The Armenian Apostolic Orthodox Church was founded, according to tradition, by Apostles Bartholomew and Thaddeas in the later part of the 1st century. Armenia was the first country to accept Christianity as the state religion in 301. Most Armenian Christians originally settled in the area around Jolfa, in northern Iran, close to the border with Armenia.
Shah Abbas of the Safavid Dynasty forcibly moved 10,000 Armenian families from the area around Jolfa to Esfahan in the 17th century in order to assist him in rebuilding his new capital. They settled across the river in a part of the city which they named New Jolfa. The Armenians were known as being particularly fine craftsmen and, to this day, Reza told us, you want your car mechanic to be Armenian.
We traveled by bus from Tabriz to Jolfa, close to the border of the Republic of Azerbaijan, to see this magnificent church and monastery. There is speculation about the earliest construction on this site (founded by St. Bartholomew in 62 AD or by an Armenian king in the 9th century) but the oldest part of the current structure is from the 14th century and most was constructed in the 16th.
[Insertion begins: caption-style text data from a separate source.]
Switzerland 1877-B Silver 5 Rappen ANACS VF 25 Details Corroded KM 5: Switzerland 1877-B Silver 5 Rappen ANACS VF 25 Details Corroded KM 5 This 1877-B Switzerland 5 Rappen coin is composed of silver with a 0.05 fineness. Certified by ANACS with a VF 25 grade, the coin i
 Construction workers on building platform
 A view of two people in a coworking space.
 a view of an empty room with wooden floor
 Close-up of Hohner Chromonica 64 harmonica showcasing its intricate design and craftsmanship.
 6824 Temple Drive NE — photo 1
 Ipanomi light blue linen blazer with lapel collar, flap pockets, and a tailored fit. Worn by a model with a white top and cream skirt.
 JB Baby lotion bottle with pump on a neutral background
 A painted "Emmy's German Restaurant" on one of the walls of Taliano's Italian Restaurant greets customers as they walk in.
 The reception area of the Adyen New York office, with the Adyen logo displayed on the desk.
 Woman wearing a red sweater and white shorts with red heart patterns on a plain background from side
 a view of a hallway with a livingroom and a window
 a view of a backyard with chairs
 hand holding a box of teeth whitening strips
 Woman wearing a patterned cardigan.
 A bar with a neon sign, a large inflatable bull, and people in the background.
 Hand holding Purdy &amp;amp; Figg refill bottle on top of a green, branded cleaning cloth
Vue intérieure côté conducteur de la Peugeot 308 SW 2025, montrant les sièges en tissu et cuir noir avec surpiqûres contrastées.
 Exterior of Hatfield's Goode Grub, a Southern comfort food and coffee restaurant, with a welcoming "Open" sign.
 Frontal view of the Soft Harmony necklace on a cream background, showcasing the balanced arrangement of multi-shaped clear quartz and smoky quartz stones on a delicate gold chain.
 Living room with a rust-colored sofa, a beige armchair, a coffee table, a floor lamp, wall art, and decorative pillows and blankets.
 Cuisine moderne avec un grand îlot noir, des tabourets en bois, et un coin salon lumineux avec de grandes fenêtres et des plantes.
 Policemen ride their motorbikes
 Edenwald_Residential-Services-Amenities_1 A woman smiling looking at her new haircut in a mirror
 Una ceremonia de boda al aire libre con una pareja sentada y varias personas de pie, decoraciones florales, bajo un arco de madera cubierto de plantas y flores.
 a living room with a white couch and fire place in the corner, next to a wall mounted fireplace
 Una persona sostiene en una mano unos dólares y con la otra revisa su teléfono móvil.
The setting is spectacular.
The most memorable part of my experience at the cathedral was my conversation with a group of young teenage school girls in the adjacent museum. They surrounded me and started with:
Can we ask you a few questions? Yes.
Where are you from? America.
How do you like Iran? It is very beautiful.
Oh thank you. How do you like wearing the scarf? It is the law in your country. I want to visit your country so I must obey the law.
I decided to ask them some in return:
Do you have cell phones? Yes.
Do you talk to your friends on them? Yes.
What do you talk about? Our studies.
Do you ever talk about boys? Giggle giggle giggle. Oh no. We only talk about our studies.